The third and current experiment is called “Team Watch Dog.” Relying on retired experts in the community, Fort Myers has built a team of 20 volunteers, who work side by side with the newsroom on dozens of projects.
Main Goal of Fort Myers: To fulfill the same goals that the paper has had since 1884 when it started. “Our fundamental purpose in the community hasn’t changed at all, it’s a new means to the same end,” says Marymont. The hope is that by relying on the wealth of information within the community the paper is able to do deeper and better journalism.
Notable Achievements: Fort Myers has created a network of citizen experts, including a retired FBI agent, a defense intelligence agency analyst, an education worker and more. “We have formed an alliance that our community is coming to recognize,” says Marymont. “It’s the breadth of what we are doing that is notable.” This has also had a positive effect on the papers credibility in the community.
A Surprising Realization: The immediate volume of readers’ willingness to participate. The utilities investigation racked in 6,500 pieces of user-generated content over the lifetime of the project, with a huge flow in the first week.

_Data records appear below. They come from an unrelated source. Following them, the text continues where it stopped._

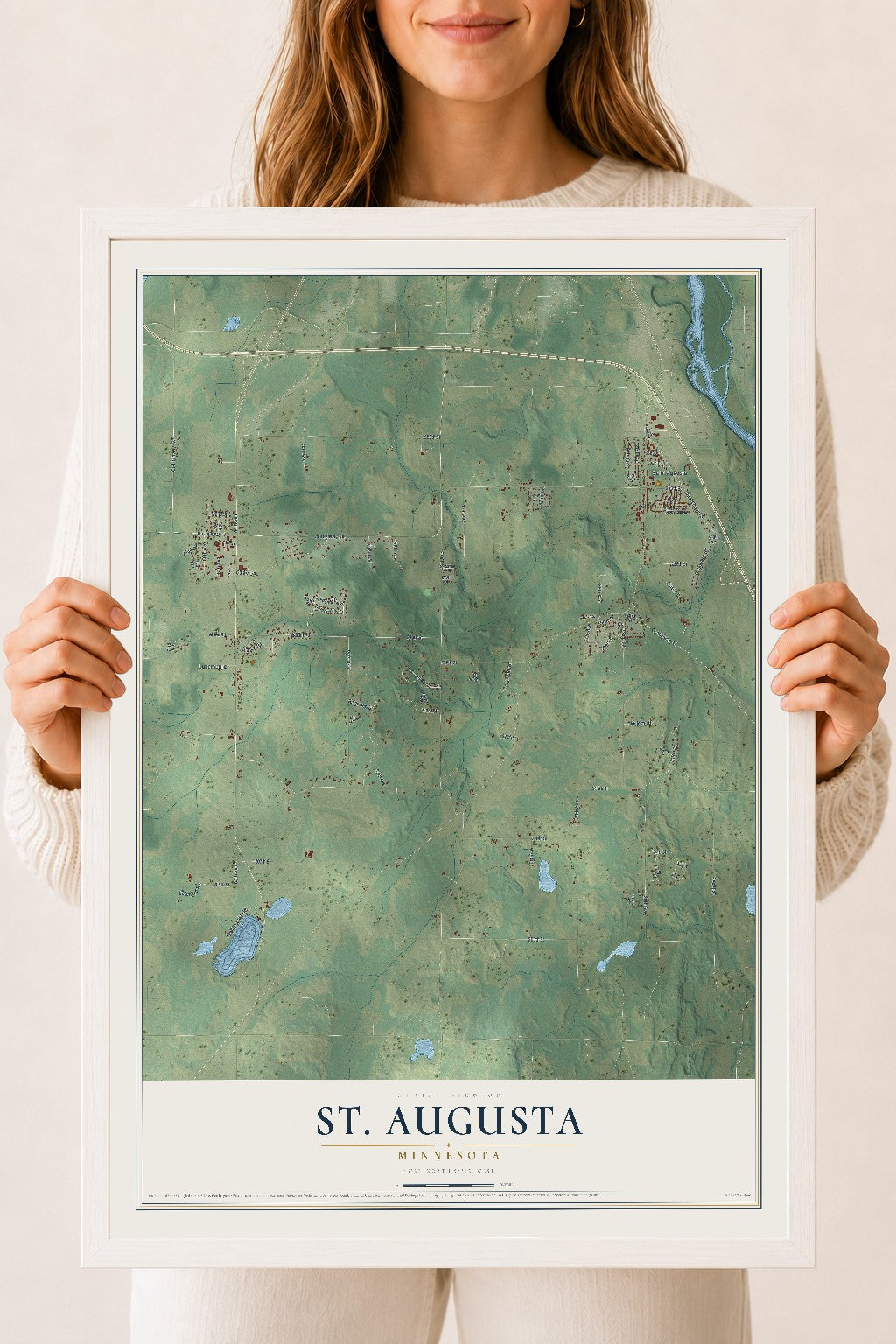 Map of St. Augusta, Minnesota, 18 x 24 inch print in a white wood frame
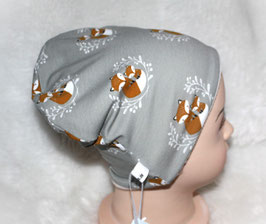 ♥ Mütze Fuchs grau / Fleece creme verschieden Größen ♥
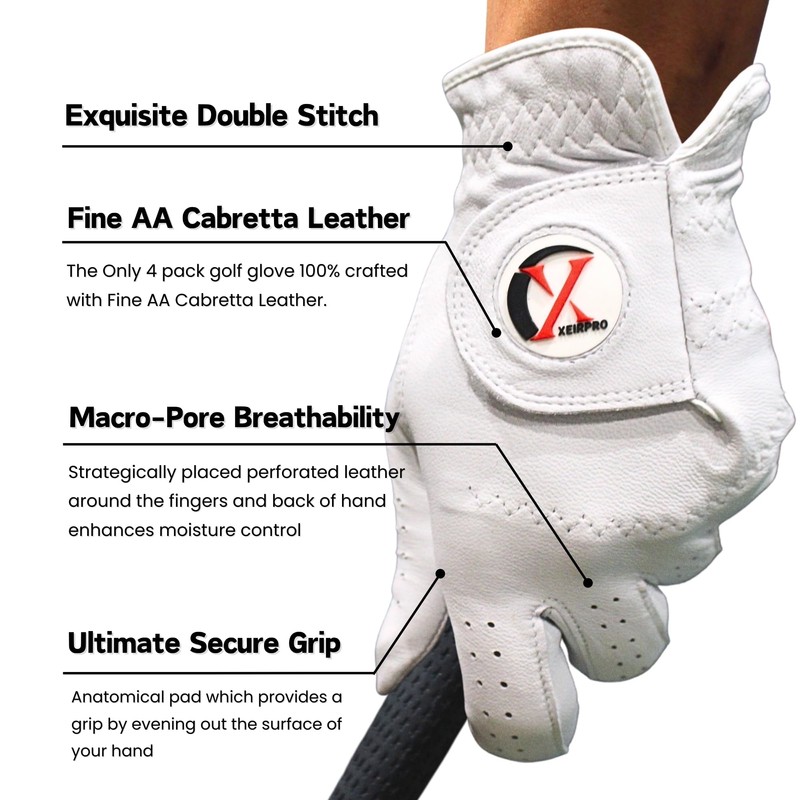 XEIR PRO Premium CABRETTA Leather Men's Golf Glove Worn ON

The paper was inundated by the number of people that wanted to lend a helping hand to monitor their government. The same occurred with the Team Watchdog project, which was originally going to be called News-Press Nine, limited to nine volunteers. But hundreds applied.
Biggest Practical Lesson/Mistake: In their experiment of crowdsourcing in the Cape Coral utilities investigation, Fort Myers originally thought the experiment would take place in forums that they would monitor and eventually use to get quotes from contributors. “That is all fine on paper until you have 6,500 people,” says Warren.
The paper was swamped and was never able to catch up. “We left a lot of leads on the table,” says Warren. “If you strike oil, you better have a pump that can collect it all before it spills out.”
Money: Fort Myers runs on a traditional business model. On the web this means getting as many pageviews and unique visitors as possible. The site did experience an increase in traffic during the Cape Code investigation, including new regular readers. “We make new believers each time,” says Warren.
Future Goals: Fort Myers wants to rework the infrastructure that it uses to perform experiments in network journalism. Having a few under their belt, they are taking a look back to see what tools were clumsy or not right for the job. “In some cases we were using a sledgehammer to bang in a nail, in others a house hammer for a railroad steak,” says Warren. With the Team Watchdog project underway, Fort Myers is looking at new technical solutions, so they won’t be held back from not having the right tools.
What do you hope to get from people attending this conference?
“We are not short on ideas, we are short on the means to do them. What we want to get out of this is new inspiration and new directions we can push ourselves and persuade our audience to get involved and get motivated. New ways to promote what we are doing, so we can expand our audience and make new believers and readers,” says Warren. “My top hope is to actually come away with progress toward technical tools that are better for supporting networked journalism, we’re ready for the next big experiment in Fort Myers and we hope this conference can help us gain clarity on what that will be.”